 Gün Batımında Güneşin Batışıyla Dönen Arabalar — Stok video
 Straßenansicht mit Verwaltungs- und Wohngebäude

- - - - - - -

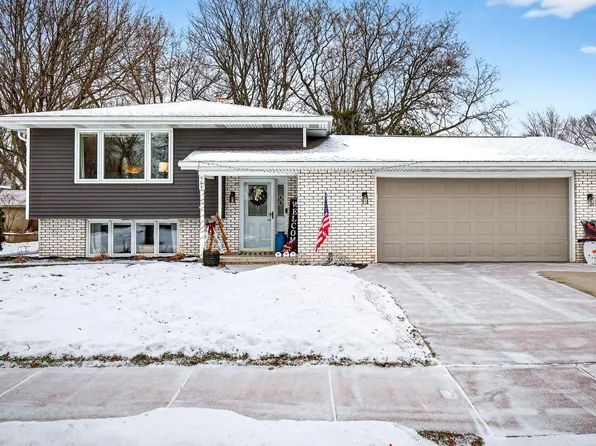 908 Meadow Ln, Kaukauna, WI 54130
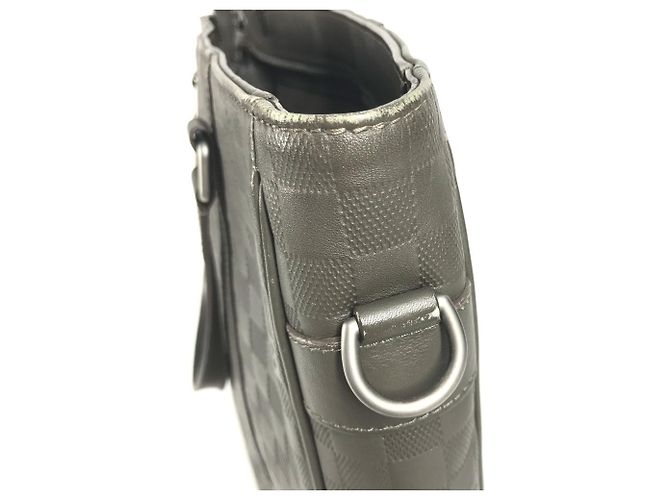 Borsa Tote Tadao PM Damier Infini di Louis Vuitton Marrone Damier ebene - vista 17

- - - - - - -

§ WHAT TO PRODUCE:
Only one part of the material above is to be transcribed, namely the lines starting with the line that has "Gün Batımında Güneşin" and going on through the line that has "Straßenansicht mit Verwaltungs- und", exactly as they stand.

§ RESULT OF THIS TASK:
 Gün Batımında Güneşin Batışıyla Dönen Arabalar — Stok video
 Straßenansicht mit Verwaltungs- und Wohngebäude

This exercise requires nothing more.